*Exercise aim:* The answer must consist solely of the lines from the line with "Vettorell Script font" to the end of the data below, transcribed exactly and with no pictures.

*Recorded information:*
******************************
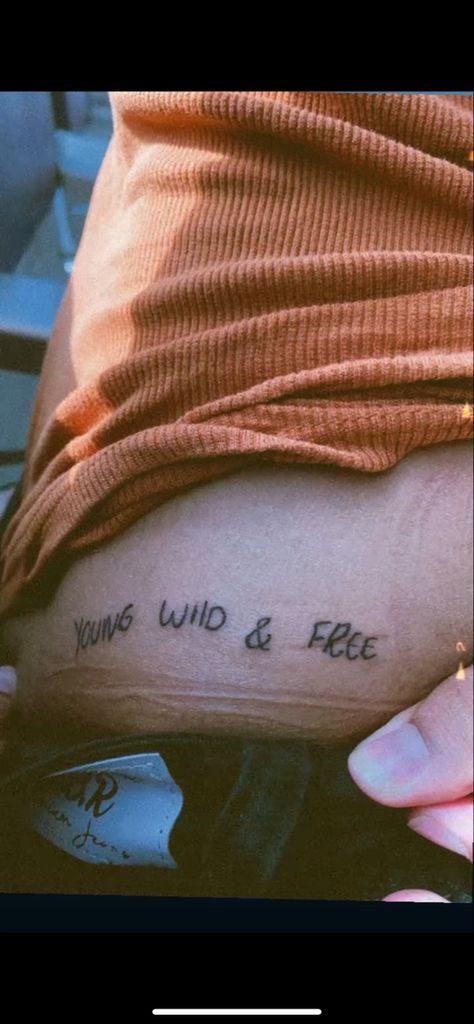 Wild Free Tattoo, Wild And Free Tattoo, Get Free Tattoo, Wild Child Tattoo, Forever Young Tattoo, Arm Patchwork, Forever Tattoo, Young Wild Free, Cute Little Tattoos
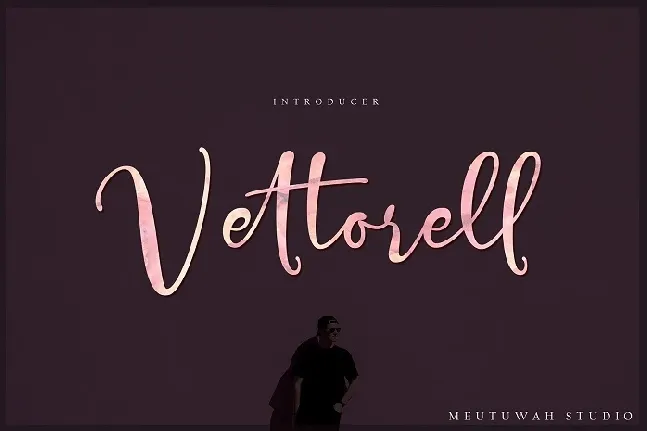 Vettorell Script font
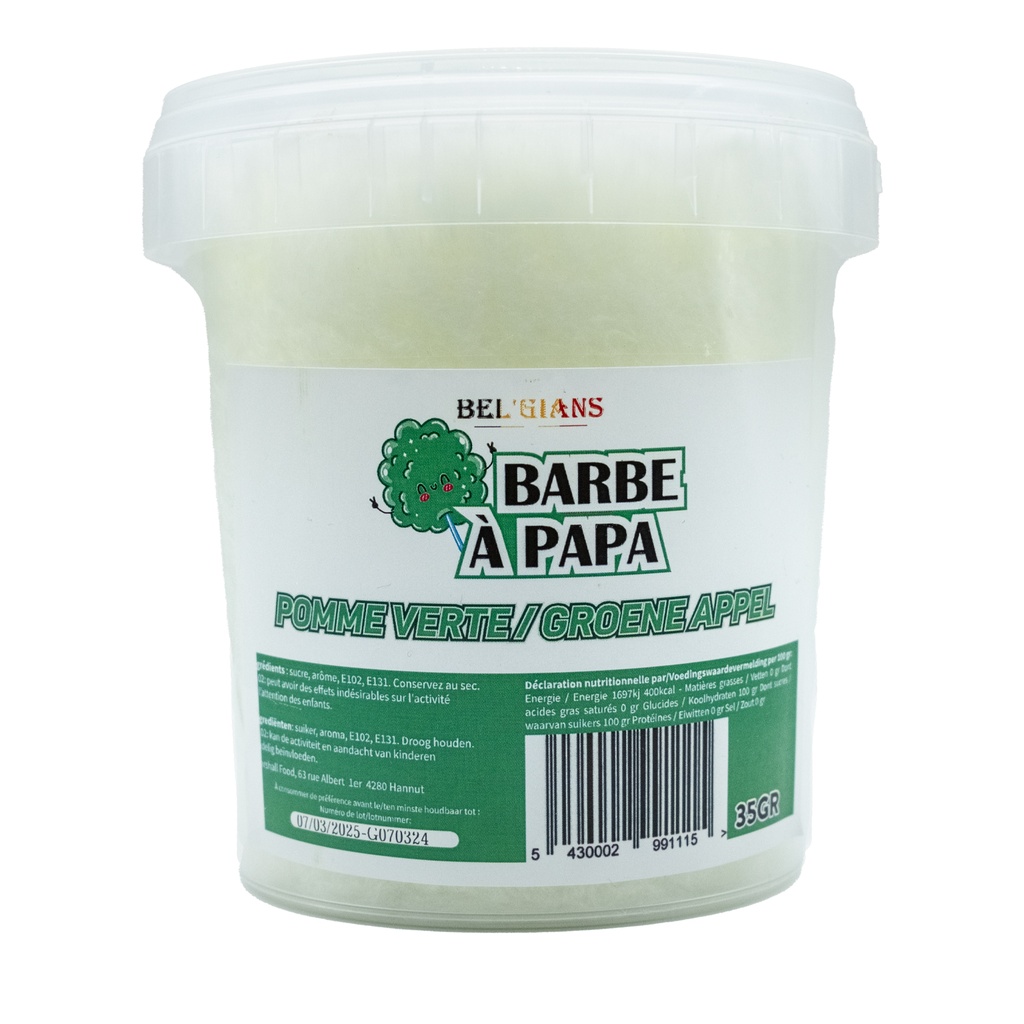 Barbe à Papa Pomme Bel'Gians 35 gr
******************************
*Answer to this task:*
 Vettorell Script font
 Barbe à Papa Pomme Bel'Gians 35 gr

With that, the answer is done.